> _Exercise objective_:
What you return should be the full listing, copied exactly and stripped of its pictures.

> _Information shown_:

-------------------------

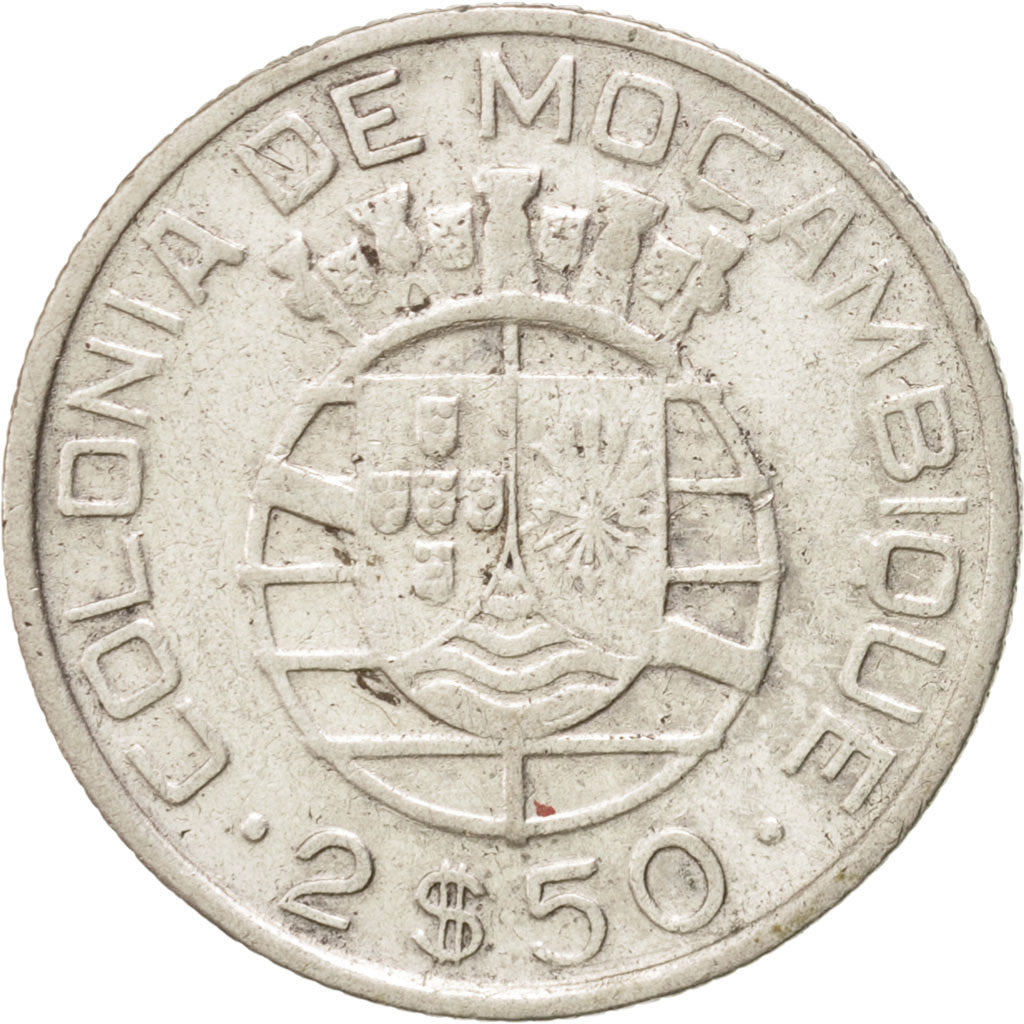 Mozambique, 2-1/2 Escudos, 1950, Silver, KM:68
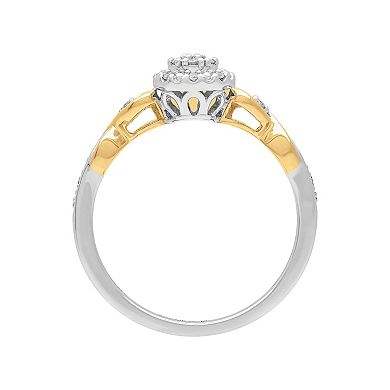 Love Always 18k Gold Over Sterling Silver 1/8 Carat T.W. Diamond Heart Promise Ring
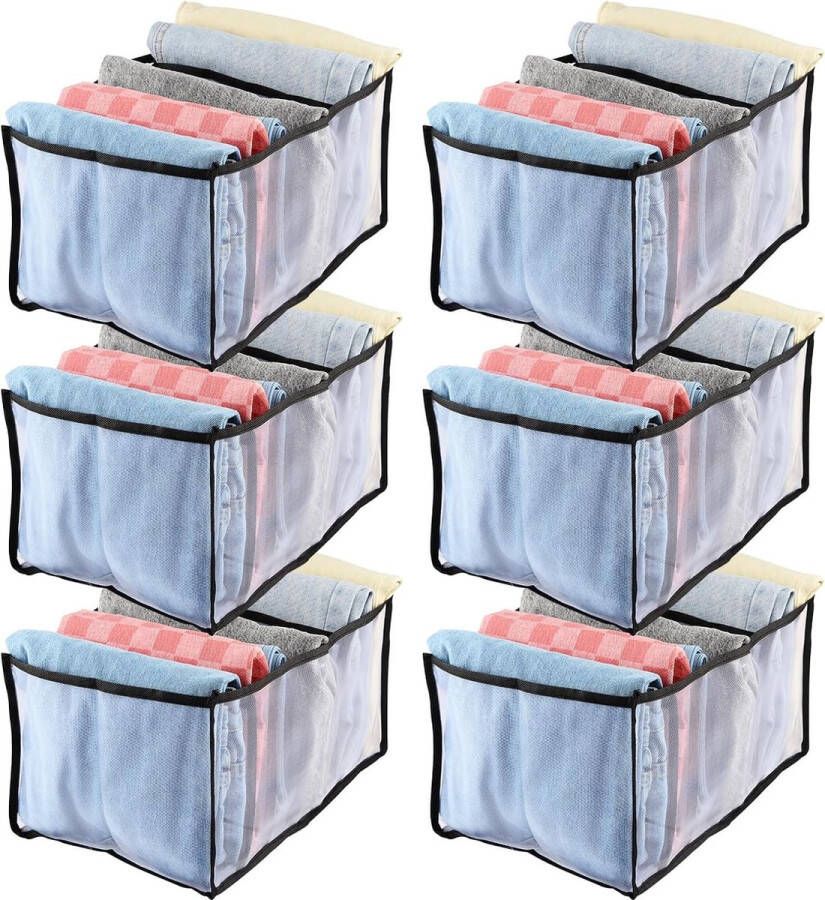 Opbergsysteem kastorganizer voor jeans broeken overhemden ondergoed 7 extra grote vakken opvouwbare opbergdozen ladebox opbergsysteem (zwart)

-------------------------

> _Task result_:
 Mozambique, 2-1/2 Escudos, 1950, Silver, KM:68
 Love Always 18k Gold Over Sterling Silver 1/8 Carat T.W. Diamond Heart Promise Ring
 Opbergsysteem kastorganizer voor jeans broeken overhemden ondergoed 7 extra grote vakken opvouwbare opbergdozen ladebox opbergsysteem (zwart)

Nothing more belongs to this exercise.